## [Work item]
Leave out the pictures and retype exactly the lines from the one with "Jaybnb - Premium" through the end of the records.

## [Captioned web image data]
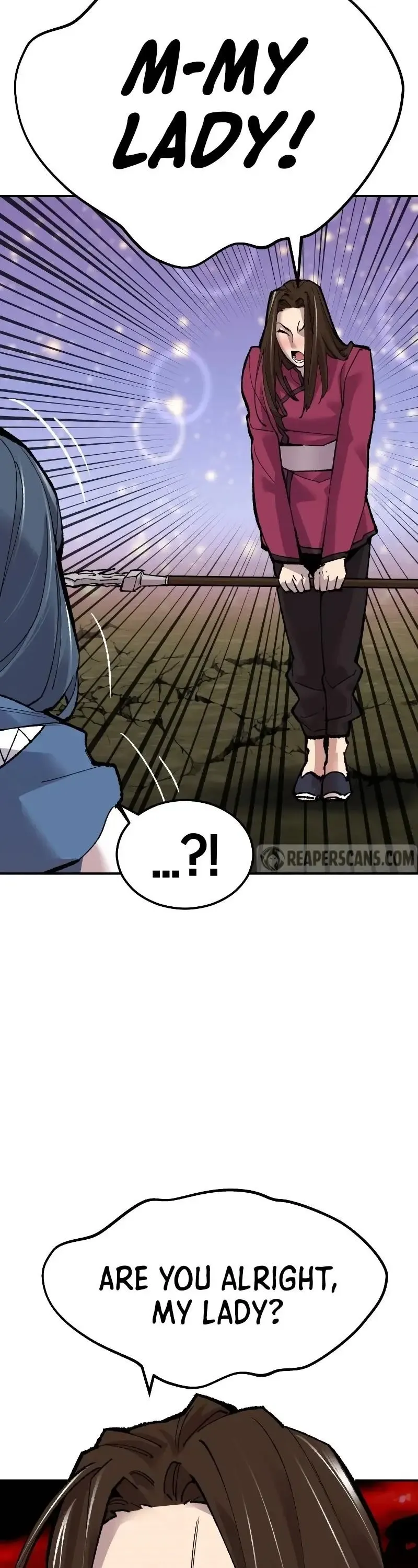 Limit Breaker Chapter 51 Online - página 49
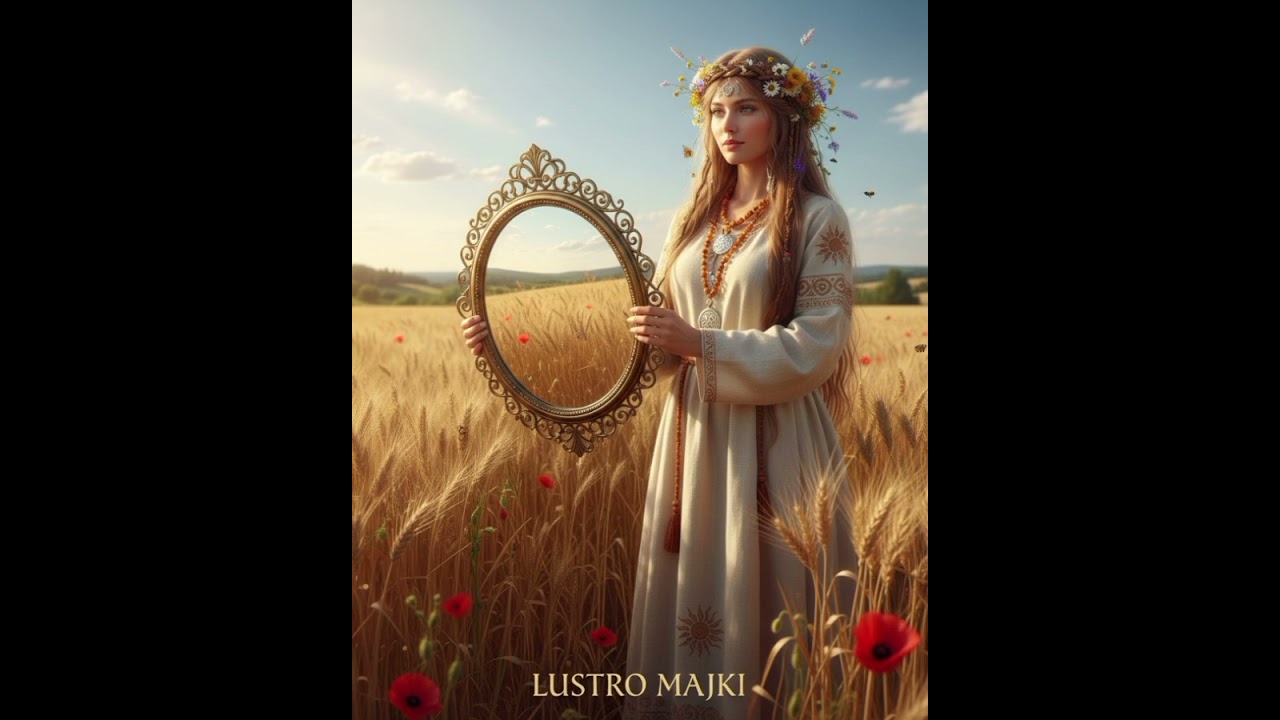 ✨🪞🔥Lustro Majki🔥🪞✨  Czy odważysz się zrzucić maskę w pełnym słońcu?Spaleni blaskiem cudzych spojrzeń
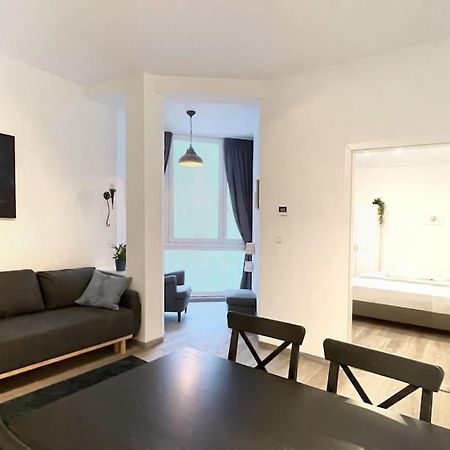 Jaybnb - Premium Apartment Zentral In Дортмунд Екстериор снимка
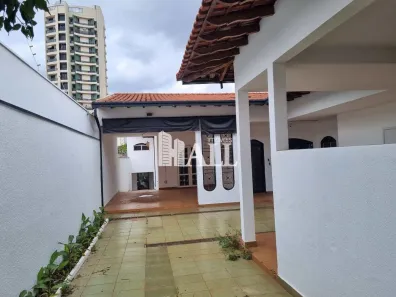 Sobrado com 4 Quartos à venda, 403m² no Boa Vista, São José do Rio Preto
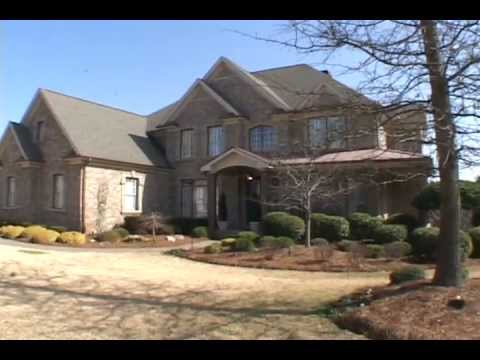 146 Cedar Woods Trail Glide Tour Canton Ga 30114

## [Task response]
 Jaybnb - Premium Apartment Zentral In Дортмунд Екстериор снимка
 Sobrado com 4 Quartos à venda, 403m² no Boa Vista, São José do Rio Preto
 146 Cedar Woods Trail Glide Tour Canton Ga 30114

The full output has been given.